Redeployment  is a collection of 12 stories composed by Phil Klay. Klay was awarded the National Book Award for this compilation. I read this work in February to prepare for Klay’s campus visit, private workshop and public reading. I desperately wanted to review this book when I first picked it off the shelf a month or so before Klay’s visit. I decided against reviewing this text immediately in favor of allowing the startling images and disquieting diction to sink in. I am definitely glad I did not review this book after my first reading. Distance has granted me the ability to know I have not judged a book by its cover and my initial feelings of admiration towards this work have not faded or are not unfounded.

Most texts can be admired or defined by a single element or theme they strive to portray and portray well. For example, To Kill a Mockingbird is a revelation on race relations. The Great Gatsby showcases the decline of the fundamental American dream and 1984 warns against the ideology of a totalitarian system. It can be stated that Redeployment is primarily a work concerned with the fate of soldiers.

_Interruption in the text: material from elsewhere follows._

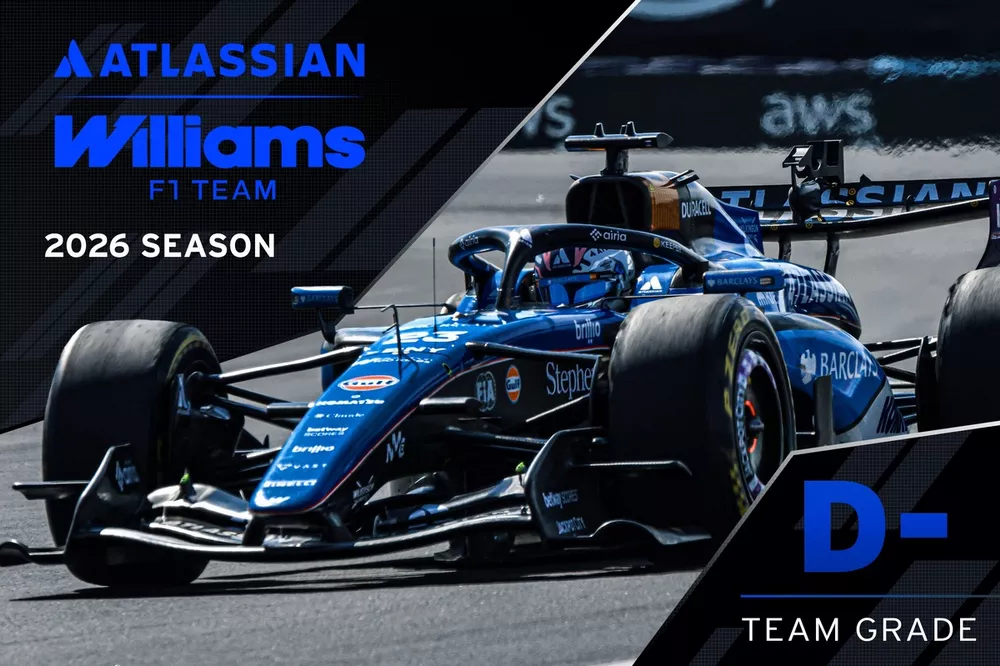 Avalia&ccedil;&atilde;o da equipe Williams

Classifying the work as war vignettes is not incorrect but slightly inaccurate. However, this novel covers most elements literary works try to showcase, ranging from family, race, religion, war and peace, while focusing on the plights and triumphs of the enlisted. Creating a novel which touches on various themes and subject matter is no easy task but Klay achieves this feat through the structure of short stories. Redeployment consists of 12 short stories effectively standing on their own, while overall complementing the consistent theme of showcasing the varying emotions of the enlisted.

Having served himself as a U.S. Marine Corps Public Affairs Officer in Iraq, Klay is able to construct profound individual works and a concise and meaningful collection that focuses on enlisted life. As a veteran, Klay is able to animate the emotions of his fellow soldiers through their character portrayal which would otherwise have gone unexperienced or unacknowledged.

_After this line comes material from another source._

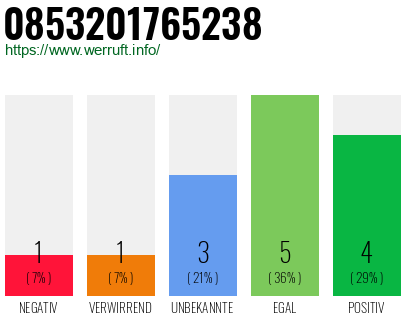 Rufnummer 0853201765238 Telefonnummer 0853201765238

The amazing aspect of the text is each short story illustrates a different race, religion or value of a different soldier through each varying voice within the text. Further illustrating no two people possess the same experiences; not all soldiers experience the same elements of war. Sometimes I feel as a culture we struggle to understand the varying experiences of those who fight and defend our rights because of war’s brutality. If we do not acknowledge societal or in this case, war’s unpleasantries than they simply do not exist.

Redeployment allows the reader to view those enlisted and veteran personnel by the soldiers’ experiences whether they are pleasing or disagreeable. Klay does not compose a character who is defined by the experiences of those around him/her. A character maybe influenced by the actions of others but these actions are not confined as the same occurrence. No one character in Klay’s work has a monopoly on human experience.

Just as each story functions as both a separate entity and as a whole, so does each character. Klay’s text showcases no one person, who serves their country, feels, loves or reacts the in the same matter. Redeployment demands each fictional character and their experiences remain separate and therefore, each actual soldier demands respect for their individual experiences.

While Klay and his characters demand respect, Klay does not gloss over the unpleasantries I spoke of previously. I remember very vividly during both Klay’s private workshop and his public reading, several questions from students and audience member asking if Klay thought his striking images and sometimes profanity laden sentences pushed too many boundaries. I also recall Klay’s answer each time someone inquired about his startling words. He stated, “These aspects deserve to be thought about because people carry these things with them.” No matter the startling diction and the staggering images, Redeployment deserves to be read and discussed as the text brings to life moments soldiers will carry with them long after they leave a warzone. Nothing within this text is sugarcoated and the reader is fully plunged into the physical and psychological world of a soldier; a world they never expected.  Many could find Klay’s diction a reason to be offended and throw down Redeployment. Redeployment is too powerful and too real to be ignored.

Personally, three of the short stories that I felt contain the most poignant sentiments are: “After Action Report,” “Bodies” and “Ten Klicks South.” I challenge everyone to read Redeployment and not to be deeply affected by the experiences portrayed in this text. As academia and the reading public look to define the most recent cannon of literature, Redeployment looks to become the cornerstone.